What to work on →
Nothing but the text belongs in the answer: the listing below, copied exactly, without pictures.
(Data begins)
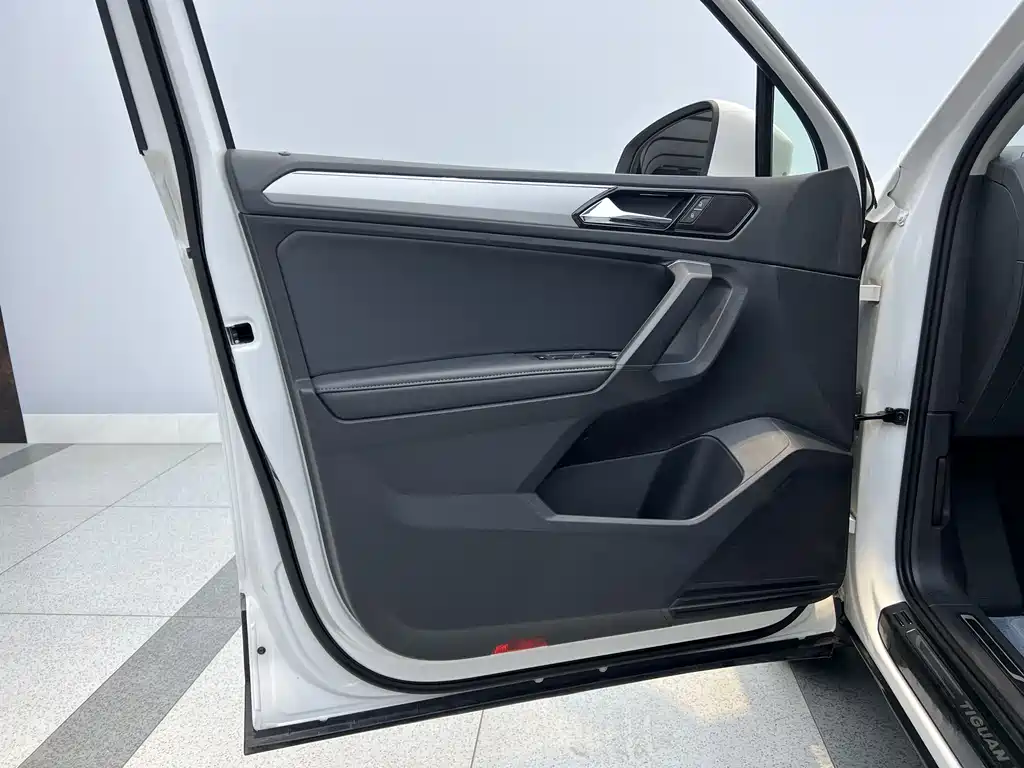 Volkswagen Volkswagen Tiguan L 2021 280TSI Automatic 2WD Intelligent Enjoyment Edition 2021 - thumbnail 12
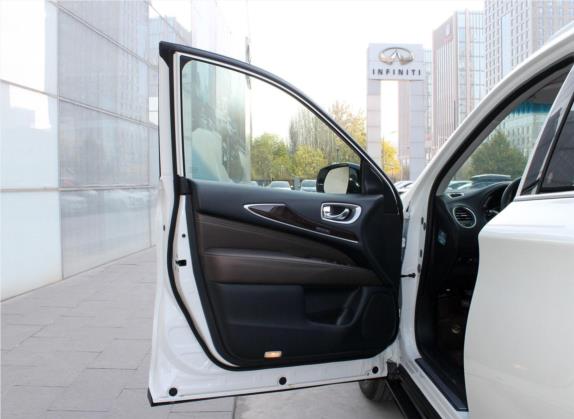 英菲尼迪QX60(进口) 2018款 2.5 S/C Hybrid 两驱卓越版 国VI 车厢座椅   前门板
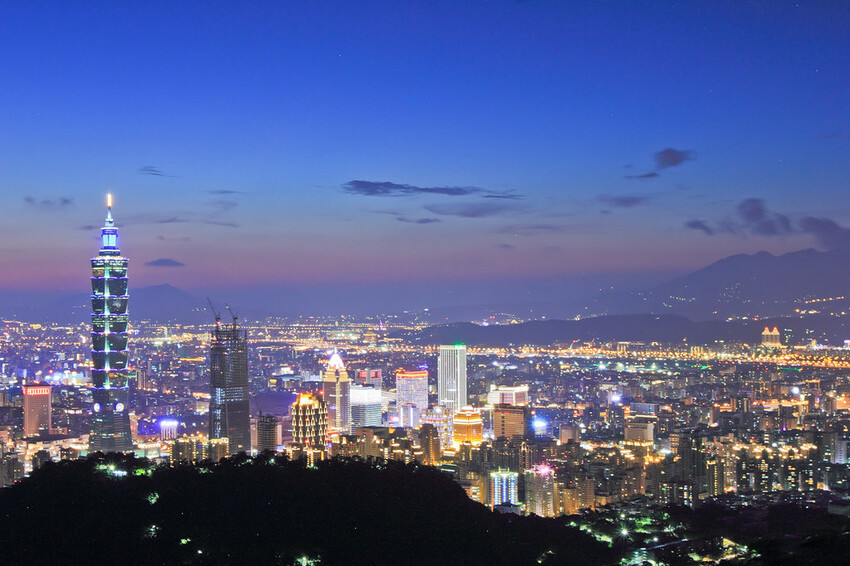 【北部景點】台北新北必去必拍夜景點│象山虎山│碧山巖│陽明山大屯山│劍潭山│老地方觀機平台│仙跡岩│金面山│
(Data ends)
Exercise response →
 Volkswagen Volkswagen Tiguan L 2021 280TSI Automatic 2WD Intelligent Enjoyment Edition 2021 - thumbnail 12
 英菲尼迪QX60(进口) 2018款 2.5 S/C Hybrid 两驱卓越版 国VI 车厢座椅   前门板
 【北部景點】台北新北必去必拍夜景點│象山虎山│碧山巖│陽明山大屯山│劍潭山│老地方觀機平台│仙跡岩│金面山│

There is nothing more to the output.